The protagonist has a very successful career as a comedia by bringing "together the commercial advantages of pornography and ultra-violence.” We learn about his professional development, his relationships with women and his experiences with an uprising bizarre sect (this is a spoiler free blog). Parts of the plot are told in a far future by distant descendants of the protagonist.
The novel is philosophical with a pessimist undertone - as usual for Houellebecq. I am not too much
impressed by the plot.

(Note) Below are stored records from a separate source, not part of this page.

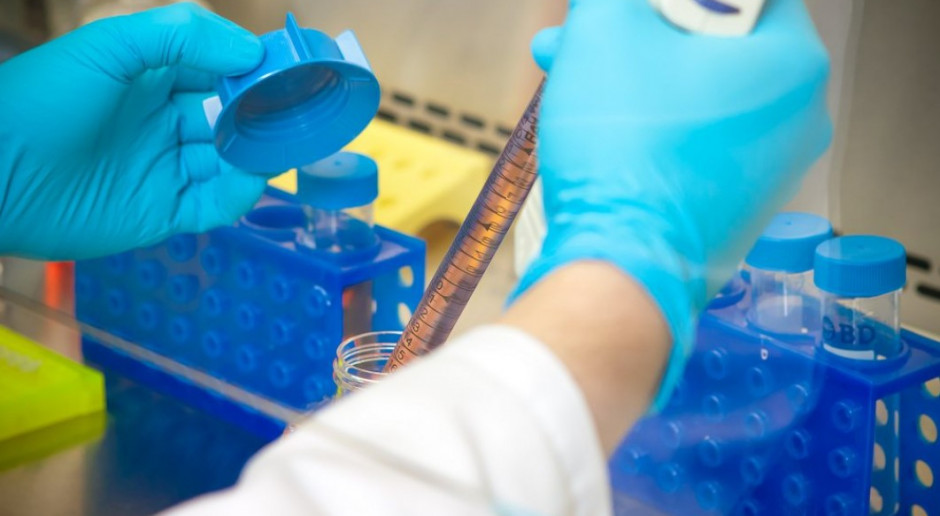 Mabion buduje drugą fabrykę szczepionek przeciw COVID-19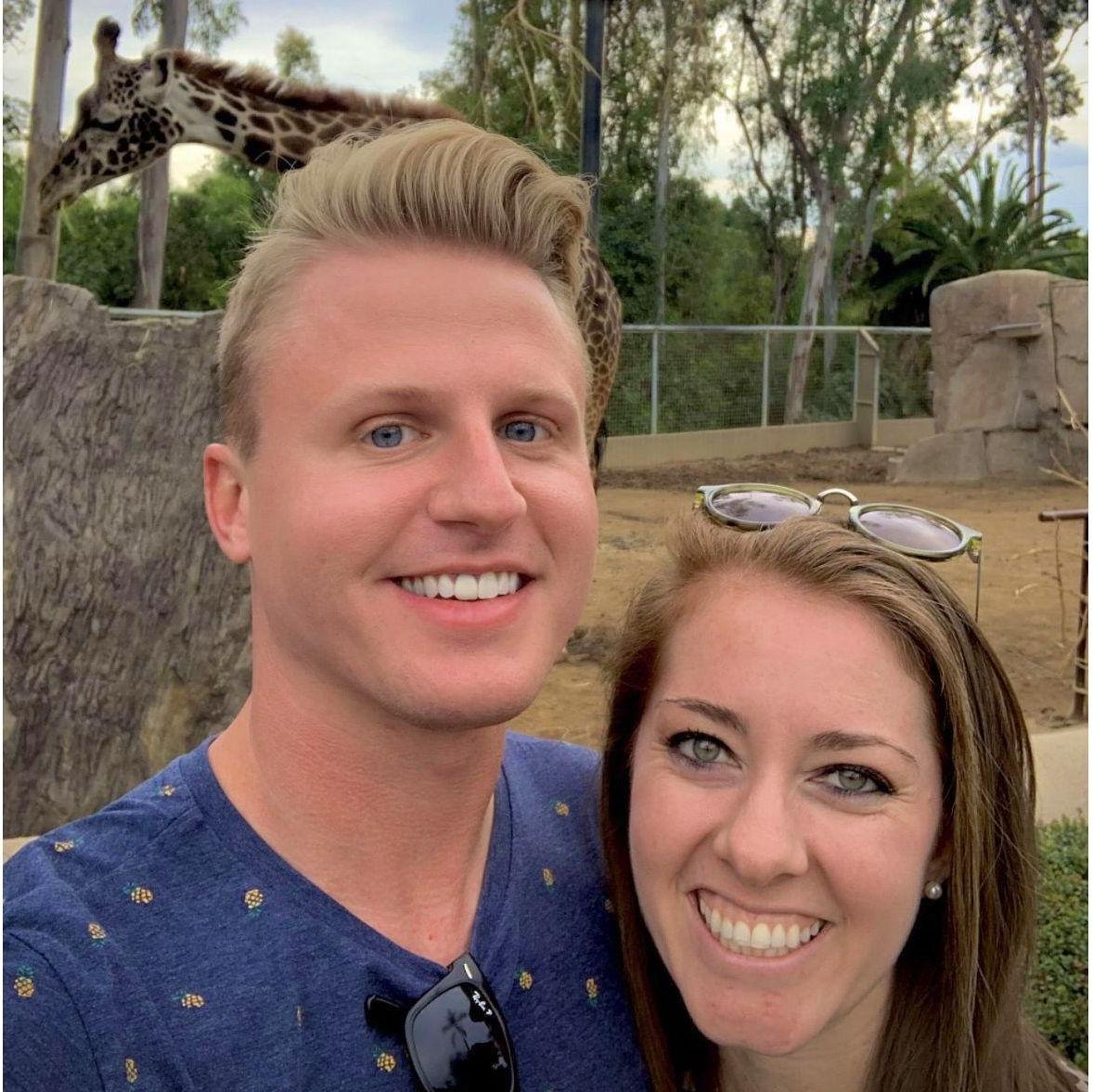 A date to the San Diego zoo!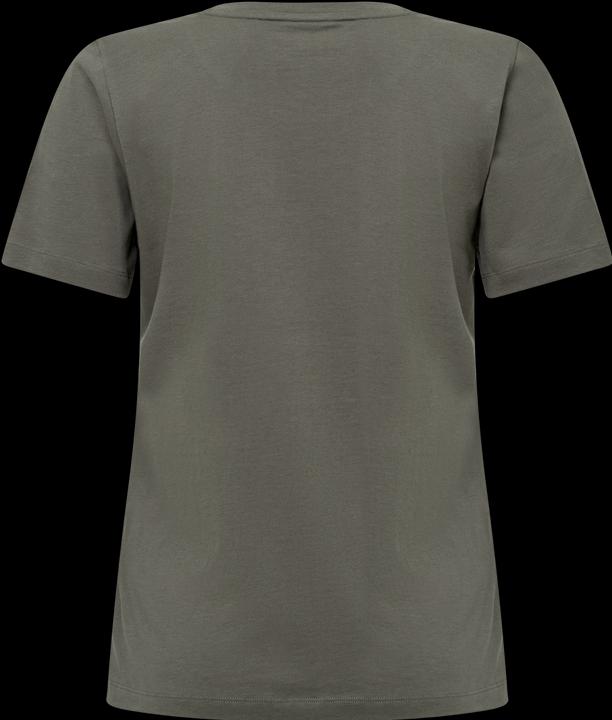 Actual product image Salewa Eagle Logo Patch T-Shirt W (40, L)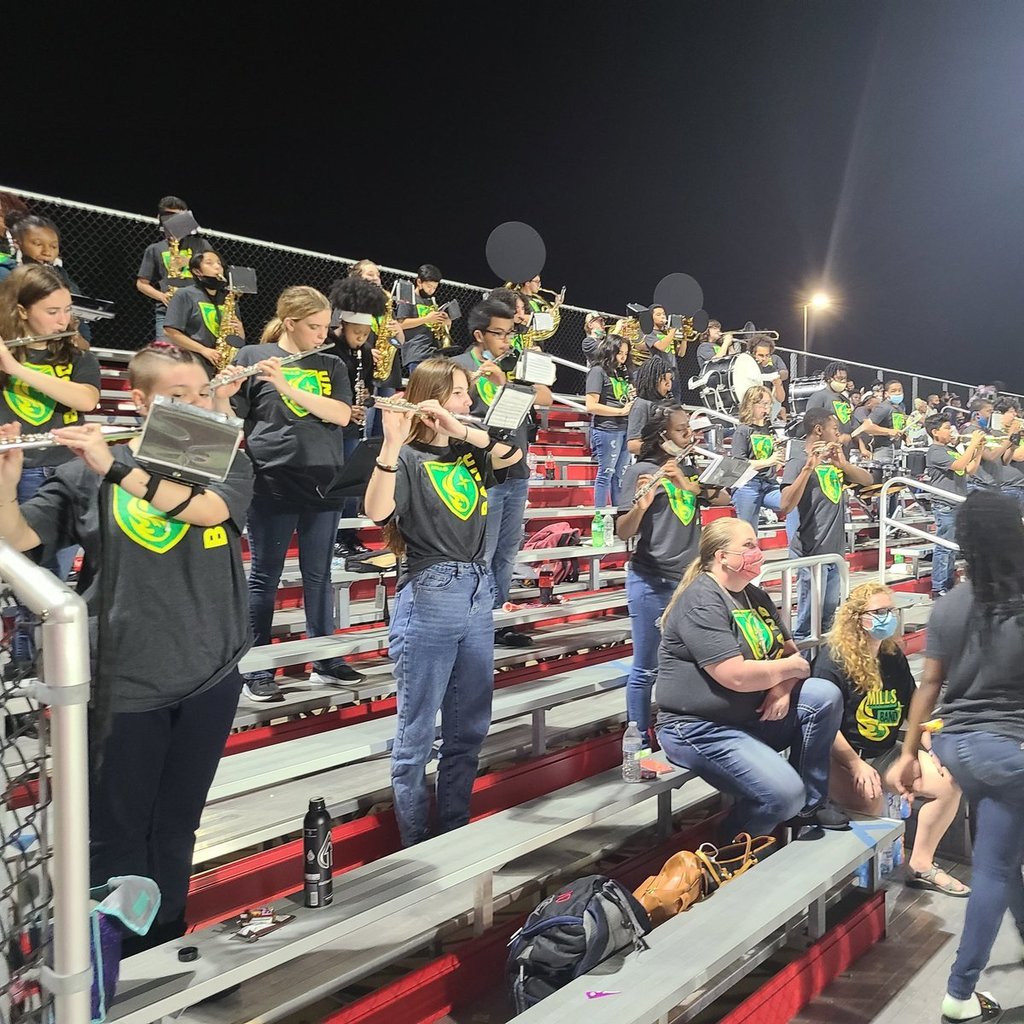 mills high band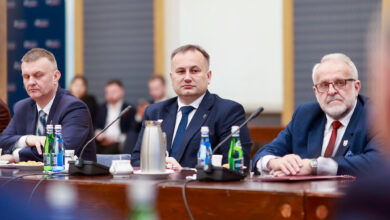 Photo of Starosta Piotr Wojtysiak powołany na stanowisko doradcy ministra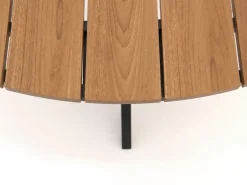 Intenso Asti/Fidenza ø 149 cm Gartenmöbel-Set 6-teilig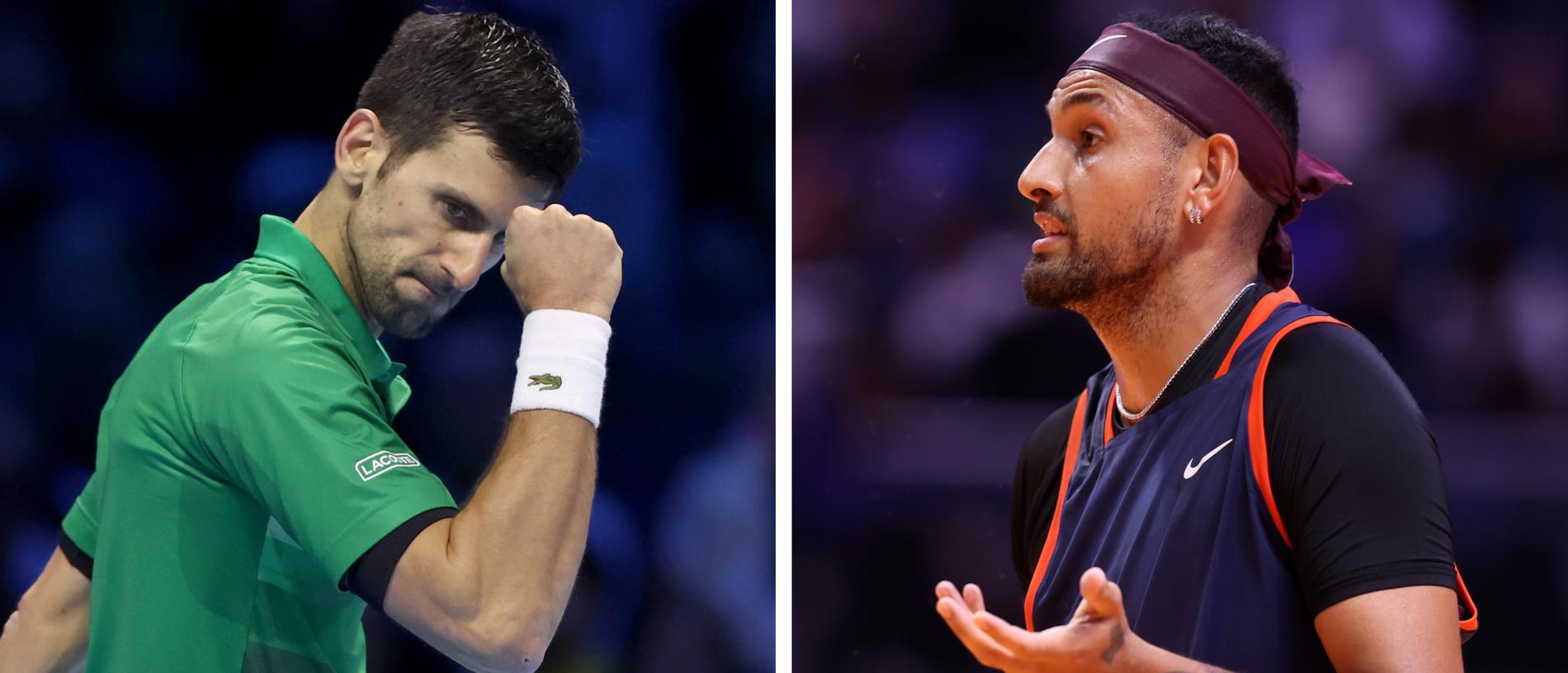 Novak Djokovic says he is excited to take part in Dubai's World Tennis  League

But what makes me reading him again and again -
and makes me a fan of him - are the author`s sharp wit and his analytical & precise musings about almost anything.
Incestuous Temptations
Houellebecq portraits "the honest folk, those who work, who ensure the effective
production of wealth, also those who make sacrifices for their
children—in a manner that is rather comic or, if you like, pathetic (but
I was, above all, a comedian); those who have neither beauty in their
youth, nor ambition later, nor riches ever; but who hold on
wholeheartedly, and more sincerely than anyone, to the values of beauty,
youth, wealth, ambition, and sex; those who, in some kind of way, make
the sauce bind".
He makes fun of the "mediocrity of the middle classes" in general and captures the "incestuous temptations of mid-career intellectuals", who are aroused by their daughters or daughters-in-law, with their bare belly buttons and thongs showing above their pants.
Same Fate As The Punks
The author shows a surprisingly optimist view about the Islamization of the western world (different from his novel "Submission) and assumes that the Islamic fundamentalists, who had appeared in the 2000s, will suffer more or less the same fate as the punks! At first they had been made obsolete by the appearance of polite, gentle, and pious Muslims — a kind of equivalent of New Wave, to continue the analogy; the girls at this time still wore the veil, but it was pretty, decorated, with lace and see-through material, rather like an erotic accessory, in fact. And of course, subsequently, the phenomenon had progressively died out: the expensively built mosques were deserted, and the Arab immigrant girls were once again available in the sexual marketplace, like everyone else.
Quest For Salvation
Houellebecq finds it amusing to observe that it’s always the enemies of freedom who find themselves, at one moment or another, most in need of it.
He makes fun of the saints, who - in their quest for salvation -, obey motives that were only partially altruistic (even though submission to the will of the Lord, which they professed, must have often been simply a convenient way of justifying to others their natural altruism), but prolonged belief in a manifestly absent divine entity provoked in them displays of idiocy incompatible in the long term with the maintenance of a technological civilization.
The One Real Pleasure
Houellebecq claims that sexual
pleasure is not only superior, in refinement and violence, to all the
other pleasures life had to offer; it is not only the one pleasure with
which there is no collateral damage to the organism, but which on the
contrary contributes to maintaining it at its highest level of vitality
and strength; it was in truth the sole pleasure, the sole objective of
human existence, and all other pleasures—whether associated with rich
food, tobacco, alcohol, or drugs—were only derisory and desperate
compensations, mini-suicides that did not have the courage to speak
their name, attempts to speed up the destruction of a body that no
longer had access to the one real pleasure.